Huawei has disclosed that its smartphone sales the outside the shores of China have plummeted by a whooping 40 per cent; and that it is set to prune production following intimidation by US to have the brand blacklisted.
Founder and CEO, Ren Zhengfei announced this at the company’s headquarters in Shenzhen, confirming sketchy earlier reports in the Chinese media that the tech giants have witnessed a depletion in its overseas sales.
Ren said: ‘Yes, (sales) have fallen 40 per cent,’ before a mouthpiece from Huawei detailed further that the gaffer was referring to a 40 per cent plunge from May to June in the wake of the US blacklist threat.
With the company revealing that it shipped a total of 206 million smartphones in 2018- about half in China and half abroad- Huawei was the world’s number two smartphone producer last year- ahead of Apple- and was the largest provider of telecom networking equipment as well.

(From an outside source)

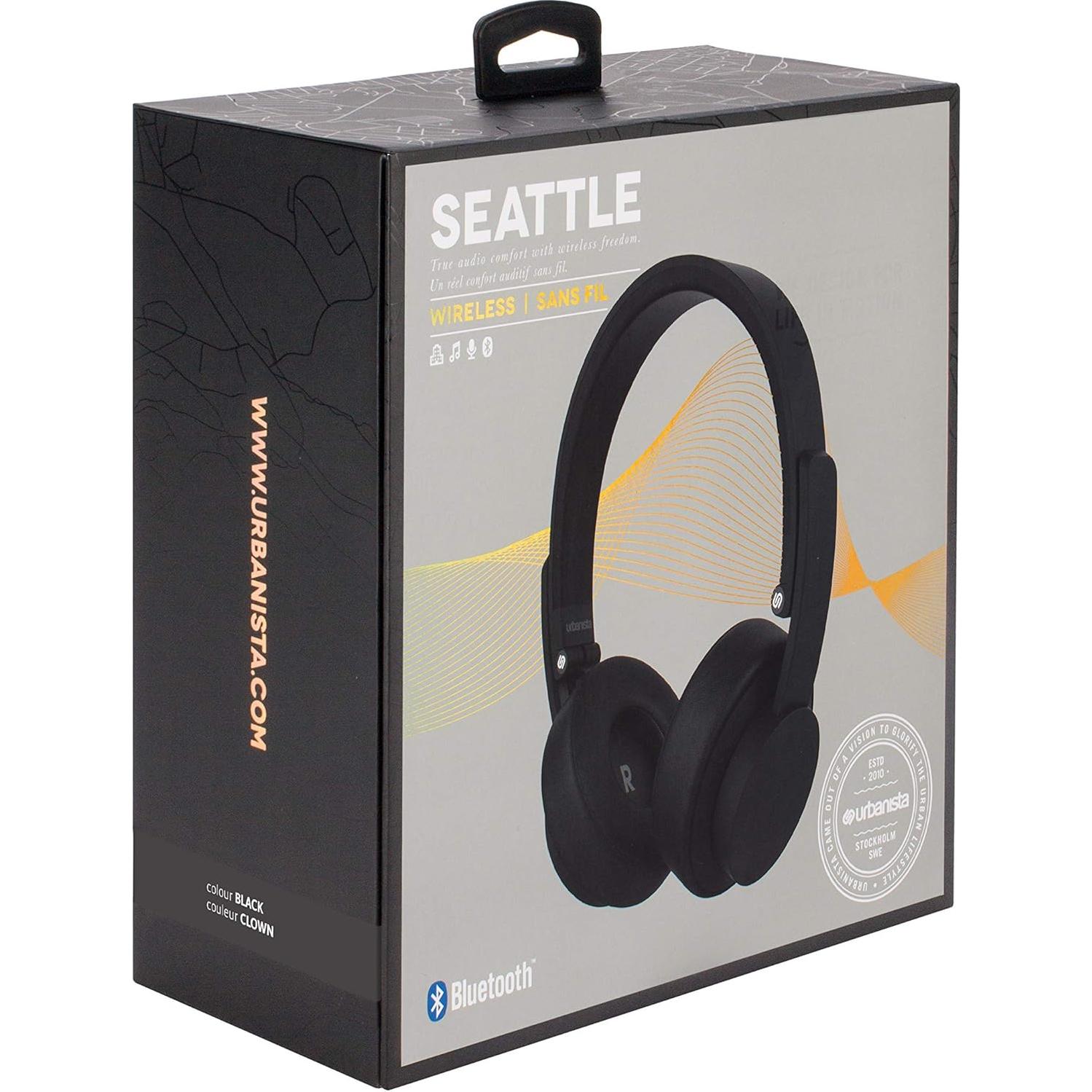 Auriculares Bluetooth Urbanista Seattle - 12 Horas, Micrófono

According to Ren, Huawei plans to cut production by $30 billion over the next two years in order to keep afloat although not specifying which lines of business would be most affected by the cut.
The Chinese multinational company racked in just over $100 billion in revenue in 2018; so a $30 billion reduction would translate to about a 30 per cent of last year’s overall business.
Ren was however positive that the company which he likened to a ‘damaged but still-flying aircraft’ was going to soon get back on track, adding that sales growth in the domestic market remained ‘very fast’.
‘In 2021, we will regain our vitality and (continue to) provide services to human society,’ he said.
Last month, Huawei was added to an ‘entity list’ of companies barred from receiving US-made components without permission from Washington, though the company was granted a 90-day reprieve for now.
The US feels threatened that systems built by Huawei could be used by the Chinese government for surveillance via secret security ‘backdoors’ built into telecom networking equipment.
Huawei has however strongly denied any links to China’s government, saying the United States has never provided proof of its accusations.